• [Source material]
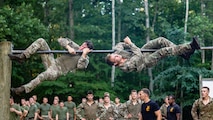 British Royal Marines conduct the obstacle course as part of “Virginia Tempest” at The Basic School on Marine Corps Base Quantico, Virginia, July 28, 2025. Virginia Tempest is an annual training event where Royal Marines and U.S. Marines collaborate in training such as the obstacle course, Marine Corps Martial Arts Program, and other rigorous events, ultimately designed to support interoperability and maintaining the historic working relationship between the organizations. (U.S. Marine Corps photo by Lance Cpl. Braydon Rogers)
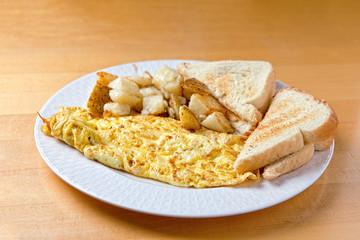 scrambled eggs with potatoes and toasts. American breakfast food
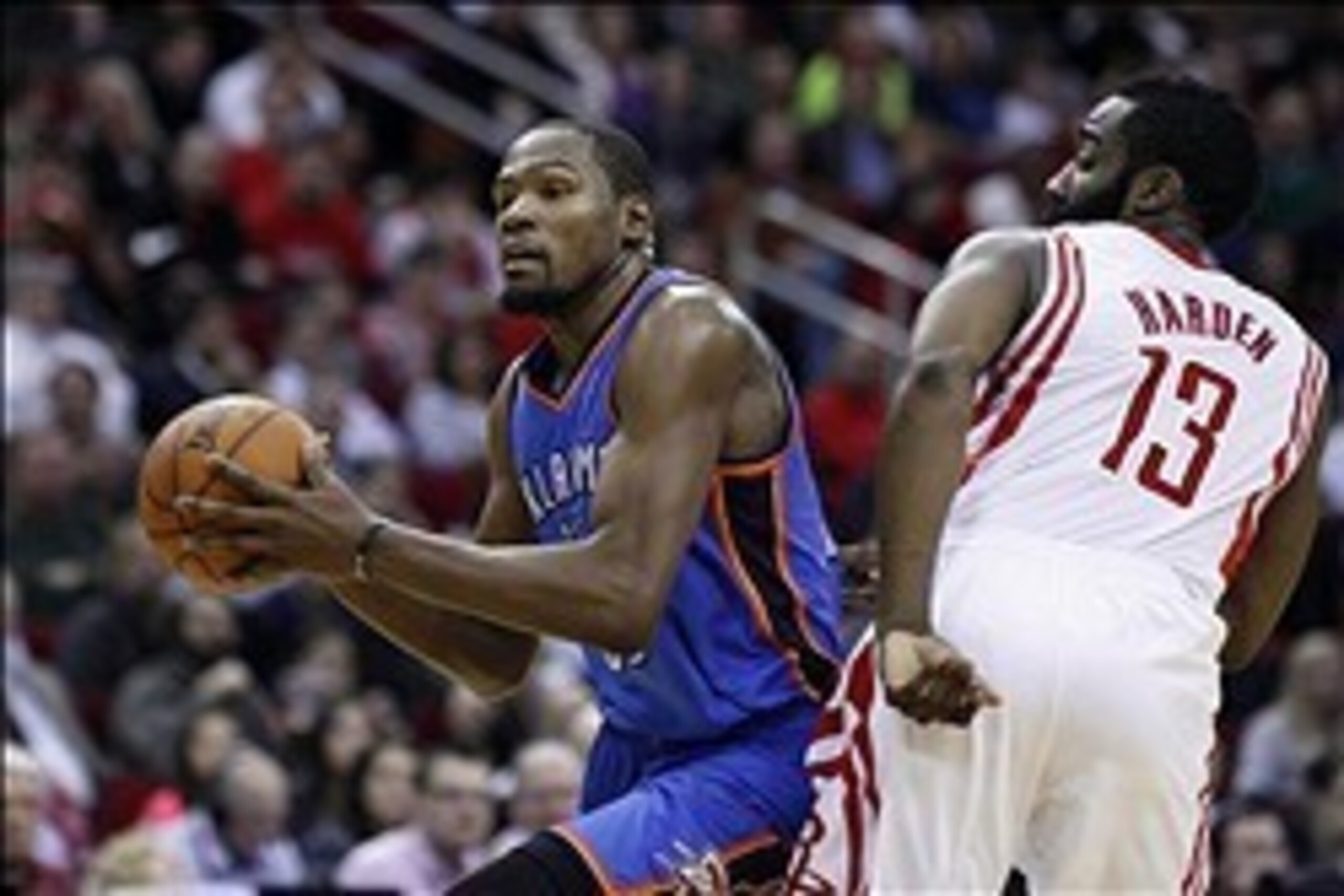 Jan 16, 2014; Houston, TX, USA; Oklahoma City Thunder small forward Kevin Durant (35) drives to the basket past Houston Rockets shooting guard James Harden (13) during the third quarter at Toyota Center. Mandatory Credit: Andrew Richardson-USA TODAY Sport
--
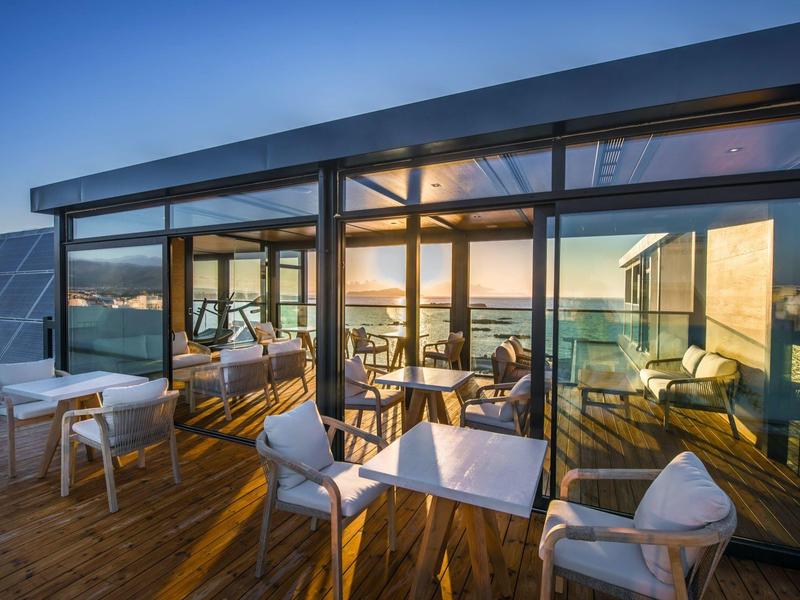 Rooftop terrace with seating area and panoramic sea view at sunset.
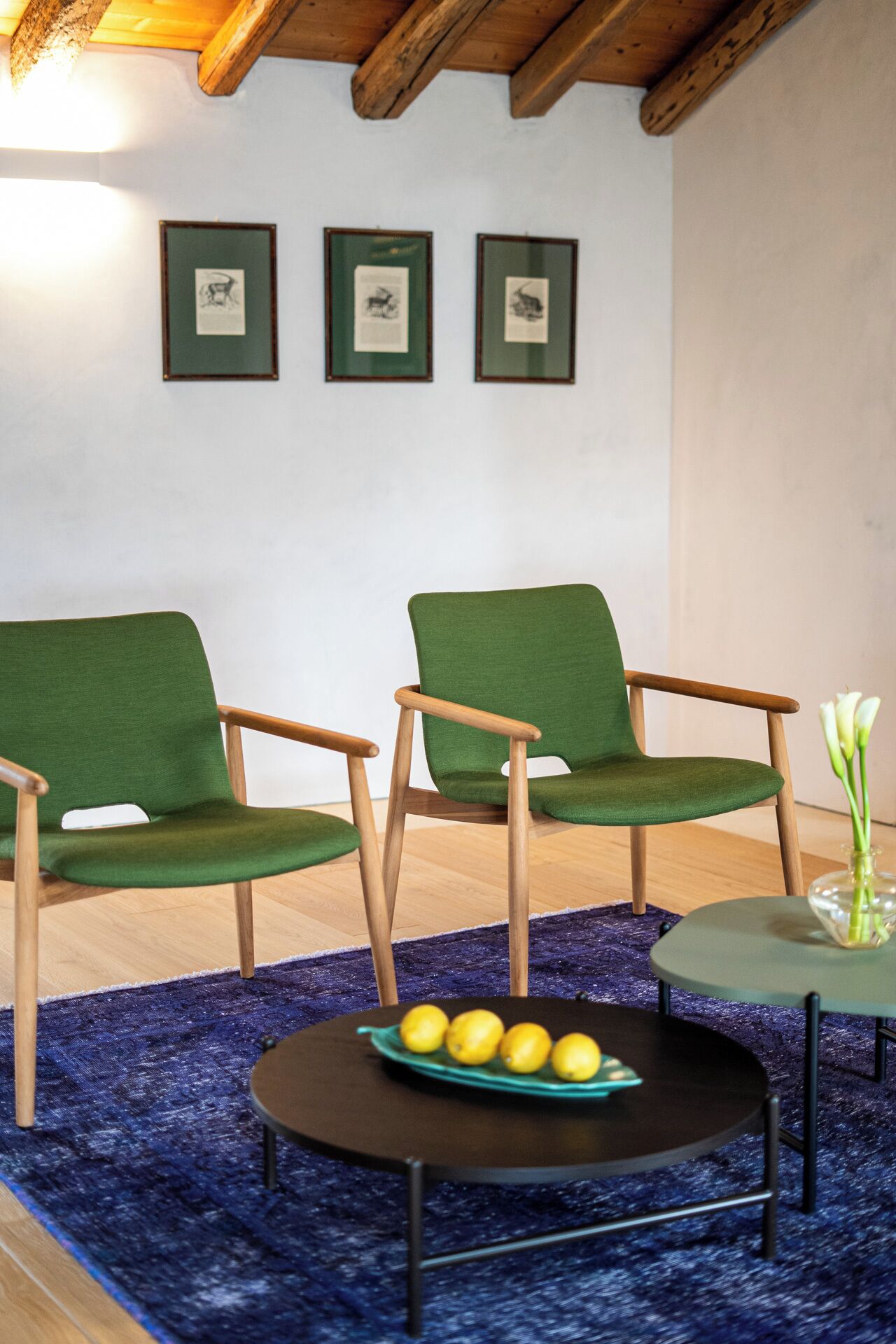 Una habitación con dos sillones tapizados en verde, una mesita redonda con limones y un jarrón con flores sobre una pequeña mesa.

• [Problem details]
Pictures are to be left out. Write out only the lines above starting at the one with "British Royal Marines" and ending at the one with "Jan 16, 2014;", both lines included, exactly.

• [Task answer]
 British Royal Marines conduct the obstacle course as part of “Virginia Tempest” at The Basic School on Marine Corps Base Quantico, Virginia, July 28, 2025. Virginia Tempest is an annual training event where Royal Marines and U.S. Marines collaborate in training such as the obstacle course, Marine Corps Martial Arts Program, and other rigorous events, ultimately designed to support interoperability and maintaining the historic working relationship between the organizations. (U.S. Marine Corps photo by Lance Cpl. Braydon Rogers)
 scrambled eggs with potatoes and toasts. American breakfast food
 Jan 16, 2014; Houston, TX, USA; Oklahoma City Thunder small forward Kevin Durant (35) drives to the basket past Houston Rockets shooting guard James Harden (13) during the third quarter at Toyota Center. Mandatory Credit: Andrew Richardson-USA TODAY Sport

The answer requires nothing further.